Dans le jardin s’étend la vigne qui cherche à câliner le poirier. Elle nous a abrité tout un été à l’ombre pour traduire un chapitre en commun1. Plus tard dans l’année, le pied de la vigne a été scié la nuit. On a vu la sève perler de son tronc comme une larme géante. On pensait qu’elle était morte, mais elle est repartie et elle repartira encore jusqu’à ce qu’elle dévore la maison. Ni la malveillance de certains, ni les escargots boulimiques ni le réveil de la Bièvre n’y peuvent quelque chose pour le moment.

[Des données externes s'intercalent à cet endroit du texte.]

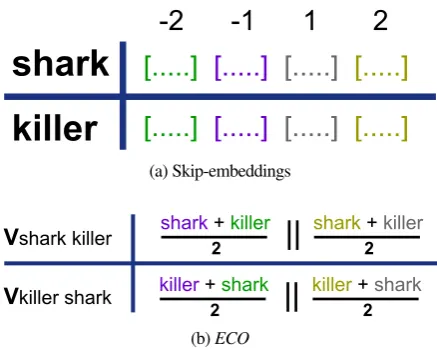 Figure 1: (Word2Vec. The numbers refer to the position, relative to theECO a ) : Skip-embeddings for each word by generalizinggiven word, that the individual skip-embedding represents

Le jardin jouxte la rivière coffrée de béton, cloaque spectral des activités de teintures et de tanneries qu’elle accueillait jadis. Parfois, il y a des montées d’eaux qui détruisent tout dans la maison et c’est vraiment comme si la Bièvre nous dégueulait dessus. La crue emporte et redescend en laissant une pellicule d’humidité froide, presque solide. Elle ramène des herbes sur le synthé. Alors on sort tous les objets de l’atelier avec nos muscles fins, une force augmentée sur le sol glissant. Le temps déborde.

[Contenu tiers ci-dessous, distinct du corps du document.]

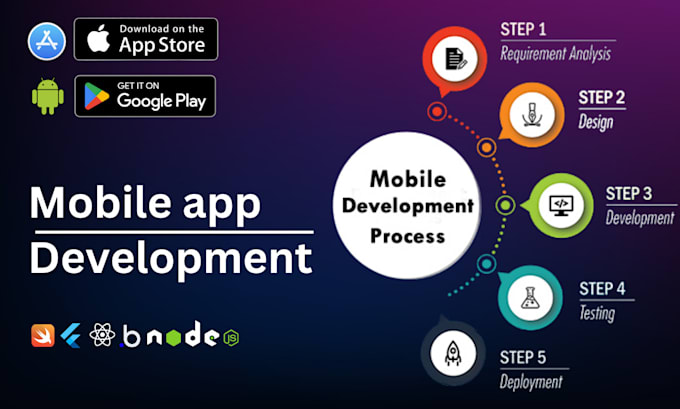 Bestseller - develop professional mobile apps for android and ios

La roquette qui a été plantée au jardin était partout au printemps. On pouvait s’y cacher, manger ses fleurs, fleurs de roquette à la bouche. On l’a un peu cuisinée, mais la terre est une poussière polluée alors on n’ a pas insisté. Elle a séché et on l’a arrachée pour faire de la place pour d’autres plantes. L’année d’après, on l’a vue pousser dans des fissures de ville. Elle a déplacé le jardin dans le bitume avenue de la Convention. La roquette s’est aussi regroupée dans un coin où un bouquet de coccinelles partouse au soleil.

Le jardin a son mouvement propre, indéfini. On s’y disperse comme on s’est terré·e·s des heures  à l’atelier pour faire des céramiques. Oiseaux chapardeurs. On a fait des cueillettes pour préparer des fermentations, un repas et des couleurs avec des plantes. Temps long du jardin éclaté dans les temporalités qui s’effleurent de la cuisson des céramiques, de la préparation des mets et des fermentations. Dans la main des empreintes de jardin et des cendres, et sous les chaussures des graines qu’on emporte avec nous. Fragments d’un jardin est une exposition collective sous la forme d’un banquet à Pauline Perplexe. Pensée comme une série de dispersions, elle est une invitation à se retrouver la nuit comme on fait des feux pour cuire des poteries, cuisiner et se raconter des histoires. Les mondes imaginaires et réels se diffusent et débordent pour être contenus dans la céramique, dans les mains et dans la bouche.

 

 

- Pauline Roches -

 

 

 

1 Une invitation aux ateliers de traduction collectives initiés par Rosanna Puyol, Mélissa Tun Tun et Léna Monnier du livre The Undercommons: Fugitive Planning & Black Study de Stefano Harney & Fred Moten (2013), à paraître bientôt aux éditions Brook.